Die meterhohen Wellen und Tonnen von Schlick und Geröll haben Spuren hinterlassen. In den Orten, im Leben der Menschen, in der Martin-Luther-Kirche von Bad Neuenahr in Rheinland-Pfalz. Das neugotische Gotteshaus aus dem 19. Jahrhundert liegt unmittelbar an der Ahr, an einer Brücke. Diese Brücke gibt es seit Mitte Juli nicht mehr. Auch die Martin-Luther-Kirche ist seither geschlossen.
"Wir ziehen alle am gleichen Strang", schreibt Christian Carstens. Auch er ist Pastor in einer Martin-Luther-Kirche - knapp 500 Kilometer weiter nördlich, in Hamburg-Iserbrook. So wie seine Gemeinde haben unzählige andere Martin-Luther-Kirchen in ganz Deutschland für ihre überflutete Namensvetterin gespendet. Doch die Idee zu dieser Aktion ist weitere 50 Kilometer nördlich zu suchen: im schleswig-holsteinischen Tralau. Auch hier gibt es eine Martin-Luther-Kirche. Sie gehört zur Kirchengemeinde Bad Oldesloe.

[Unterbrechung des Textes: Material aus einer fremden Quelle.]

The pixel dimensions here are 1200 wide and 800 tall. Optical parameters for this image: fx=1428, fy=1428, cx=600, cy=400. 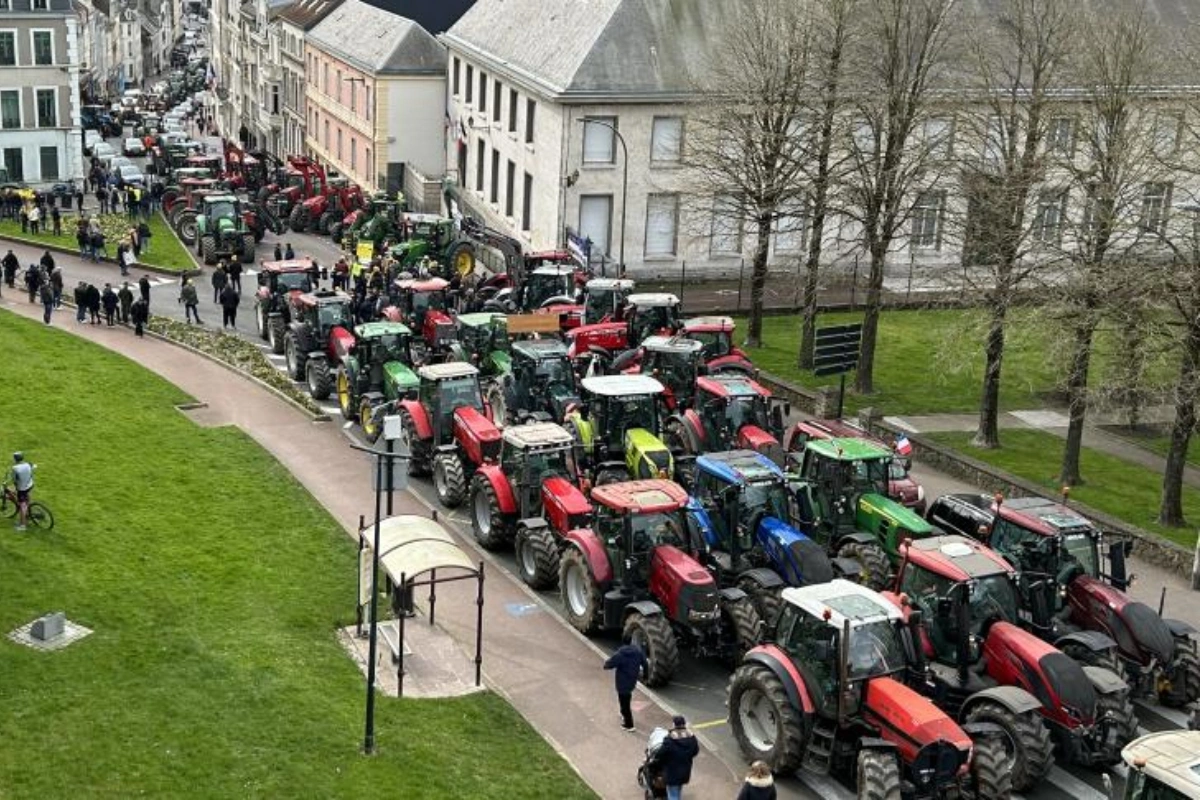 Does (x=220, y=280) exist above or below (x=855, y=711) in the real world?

"Ich kenne das Gefühl aus der Familie. Meine Schwester lebt an der Mosel und ist schon zwei Mal untergegangen", sagt Bettina Gräfin Kerssenbrock, Tralauerin und Mitglied im Kirchengemeinderat. Nach der Flutkatastrophe im Ahrtal habe sie im Internet nach Möglichkeiten gesucht zu helfen und sei dabei auf die Martin-Luther-Kirche, eine der am schwersten getroffenen Kirchen der Region, gestoßen.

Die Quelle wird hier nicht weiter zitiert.